紳士な婚約者の育てかた

体を洗って、お風呂に入る。それも知冬さんの膝に座って。
交際を始めてキスは普通に出来るようになったつもり。

「ぶぇっ…っ」
「…どうしたの」
「……ご、ごめんなさいいきなり舌が」
「入れない方がよかった?」

だけど、そういうのはまだまだ経験がありません。
ぬるっとした感触が口内でしてすごい顔をして逃げる。
知冬はびっくりしたような顔で見つめているけれど。

「あ…う、ううん。……あ。あの。うん。後でね。後でして」
「わかった」

今のは不味かったかな。怒ったかな。でも、続けるなら布団でしたい。
あと心臓がヤバイくらいドキドキしているのであっという間にのぼせそう。
ゆっくりと肩までつかって温まってのんびりする、なんて出来そうにない。

まず彼氏の膝に座っている時点でそんな余裕は無いわけだけど。


「……帰り日にちも時間ももう決まっちゃった感じですか」
「そうですね。秘書が思いの外すぐに手配をしたので」
「そっか」
「そうですよ。…ね、志真。まだ、……まだ、君を口説いても」
「だめです。それだけは。…かわれません」
「……そう、ですよね。すみません」

軽いキスを頬にして。そろそろ出ましょうかと知冬に囁かれる。
彼に申し訳ないというきもちと、でも残らなければという意志と。
せめぎあって、複雑な気持ちになって。

あと、お風呂出たらこれって自然な流れでソウイウコトになりますよね。


覚悟はもうしてたけどやっぱりいざとなると恥ずかしい。


「……知冬さん」
「はい」
「……ごめんね。でも。

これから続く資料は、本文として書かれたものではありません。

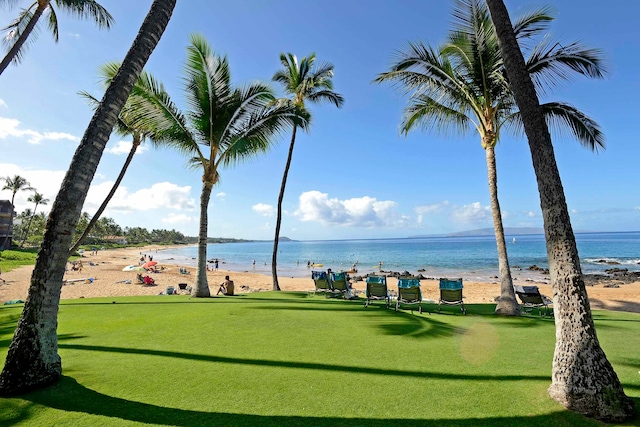 view of home's community with a water view and a beach view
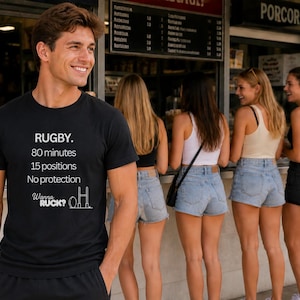 Puede incluir: Camiseta negra con texto blanco: "RUGBY. 80 minutos, 15 posiciones, Sin protección. Wanna RUCK?" Un hombre sonríe frente a un grupo de mujeres. El fondo incluye un puesto de comida y botellas de bebidas.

…大好き」
「それはとても嬉しいですが、まだ寝室じゃないですよ?
もしかしてここからもう既に始まってますか?じゃあ下着を脱」
「がなくていいから。いいから。先に行っててください、準備して行きます」
「女性は大変ですね」


でももう既に一緒に暮らしてて色々と恥ずかしい素を見せているのだけど。

一生じゃないにしろ、それが一時でもなくなるっていうのはきっと


寂しいんだろうな。


今夜はいっぱい甘えて、大人の女にならなきゃ。